What to do:
The required result is an exact copy of the lines from the one containing "Pôster de Le Grand Carnaval" to the last line of the records, both ends included, without pictures.

Scraped caption text data
*** Block opens ***
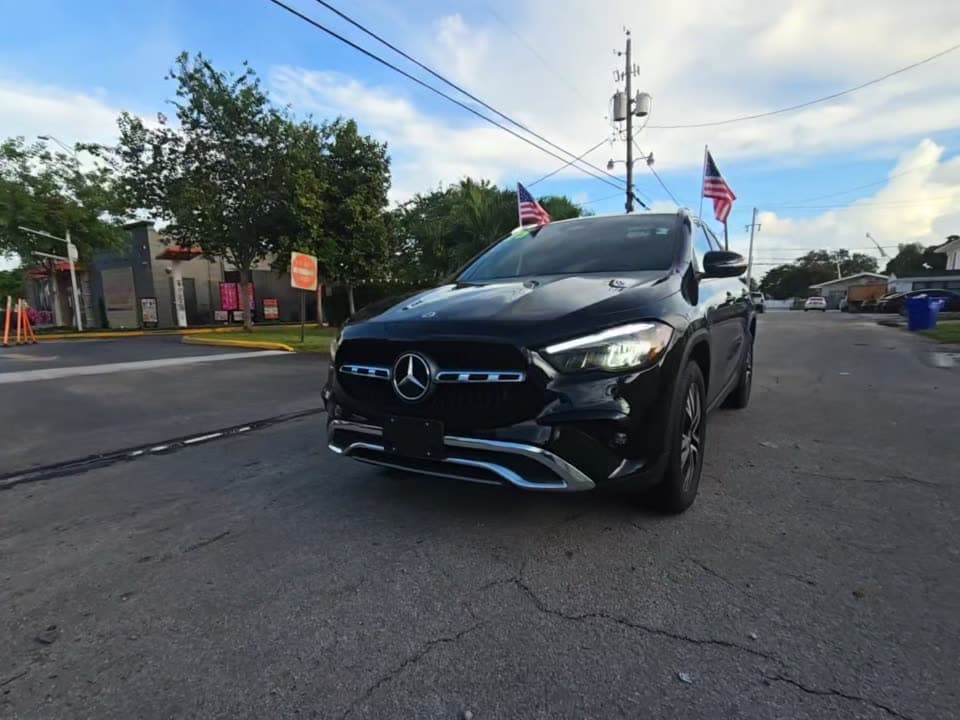 2025 MERCEDES-BENZ GLA GLA 250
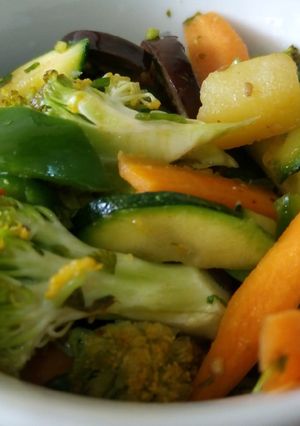 A picture of Stir vegetables.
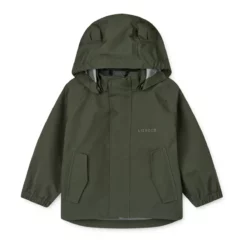 Liewood Softshell Regenbekleidungs-Set Manu „Hunter green“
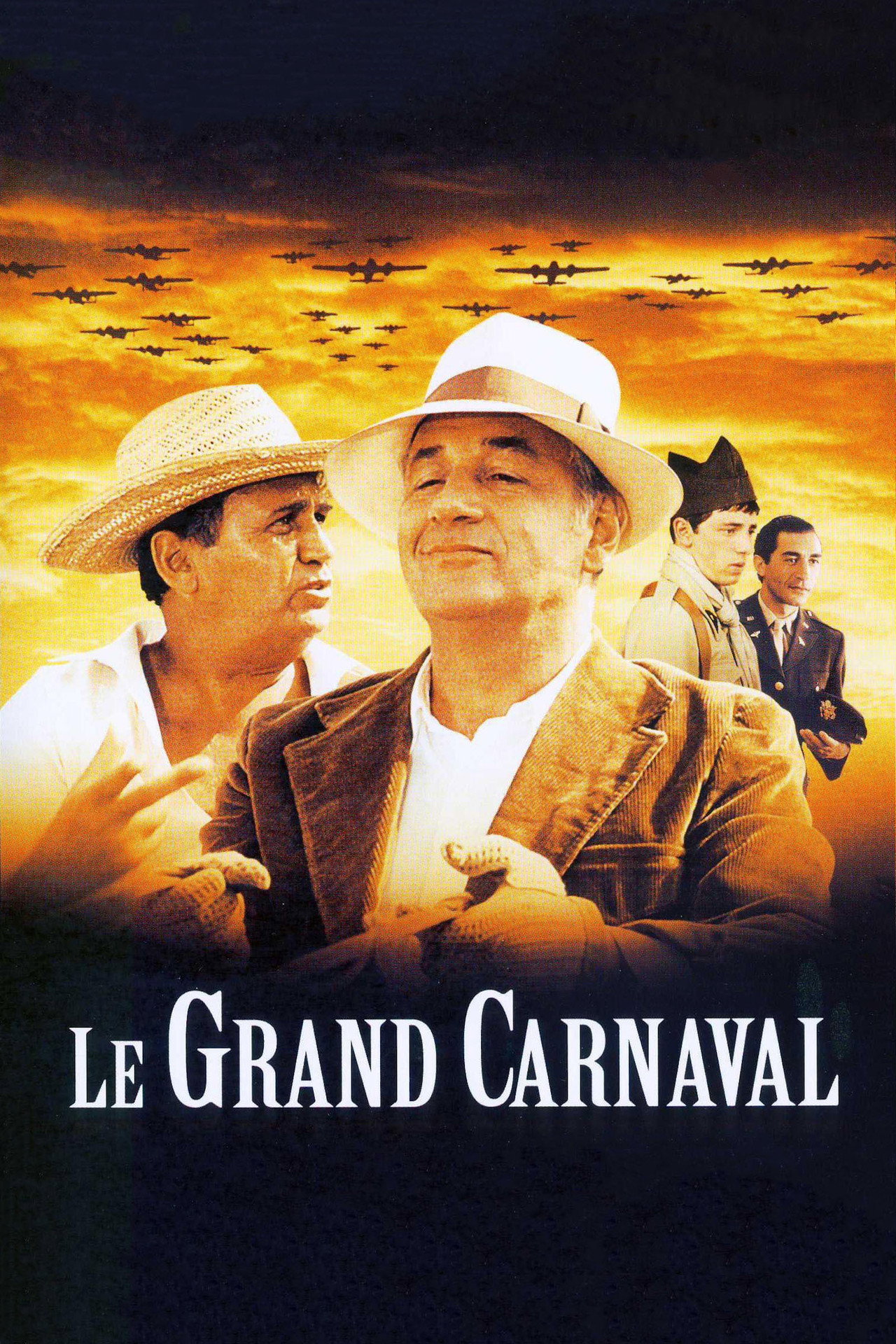 Pôster de Le Grand Carnaval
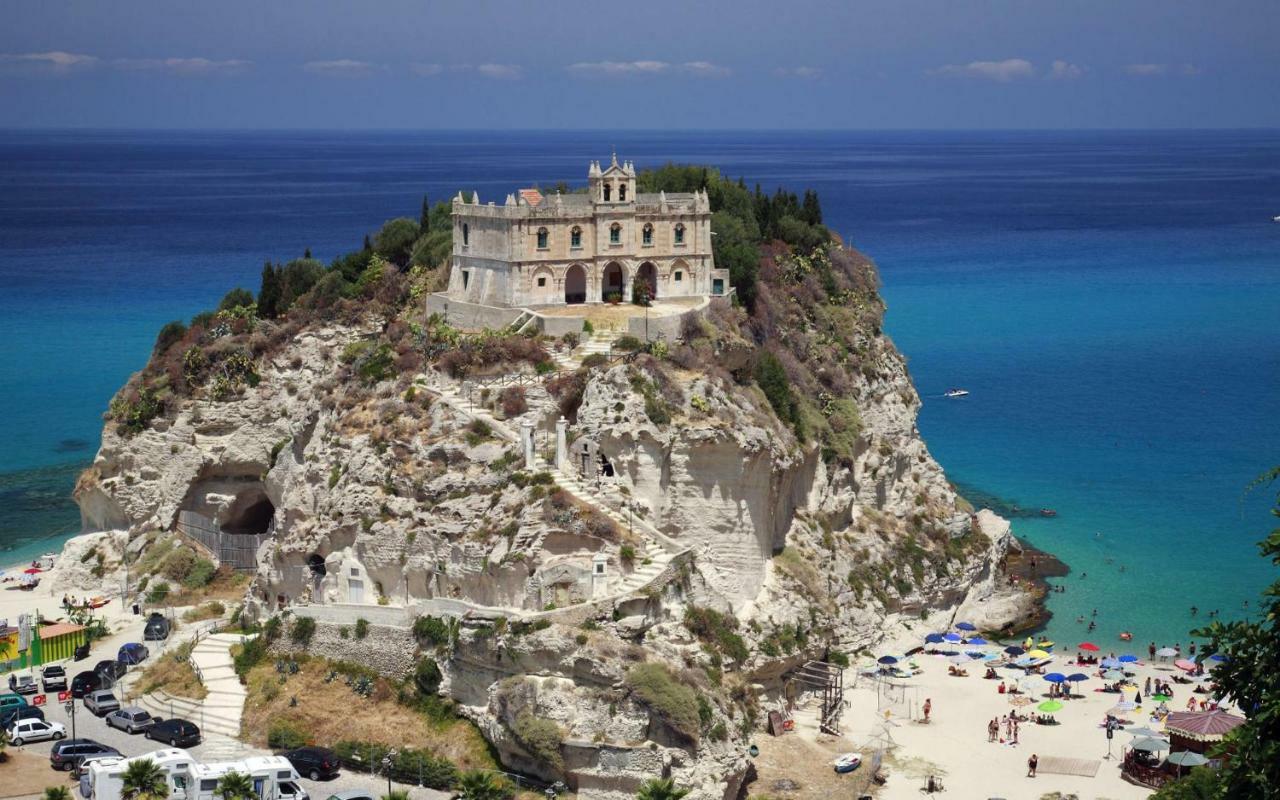 Ferienwohnung Casa Elide Centro Storico Tropea Exterior foto
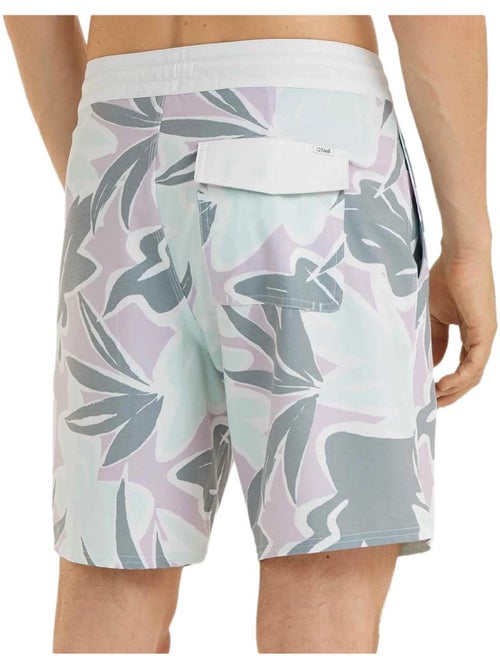 Calções de Banho O'Neill Cruzer para Homem Branco/Malva - Kiabi Calções de Banho O'Neill Cruzer para Homem Branco/Malva - Kiabi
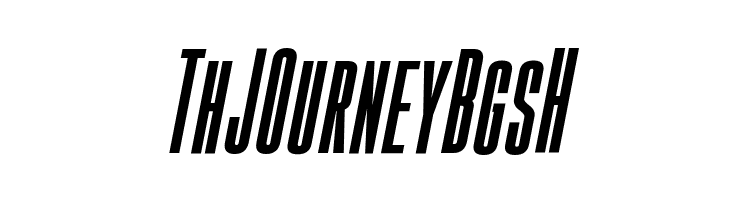 Gobold High Bold Italic Italic  Free Fonts Download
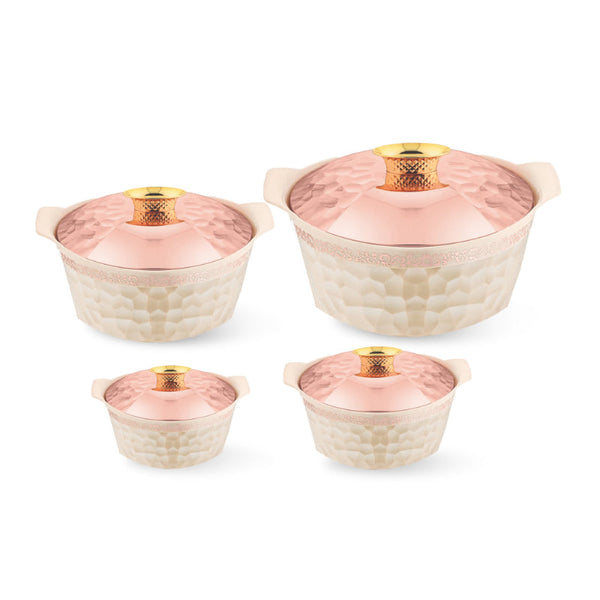 Blumen Hot Pot Hexon Shimmer 4 pcs Set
*** Block closes ***
Response:
 Pôster de Le Grand Carnaval
 Ferienwohnung Casa Elide Centro Storico Tropea Exterior foto
 Calções de Banho O'Neill Cruzer para Homem Branco/Malva - Kiabi Calções de Banho O'Neill Cruzer para Homem Branco/Malva - Kiabi
 Gobold High Bold Italic Italic  Free Fonts Download
 Blumen Hot Pot Hexon Shimmer 4 pcs Set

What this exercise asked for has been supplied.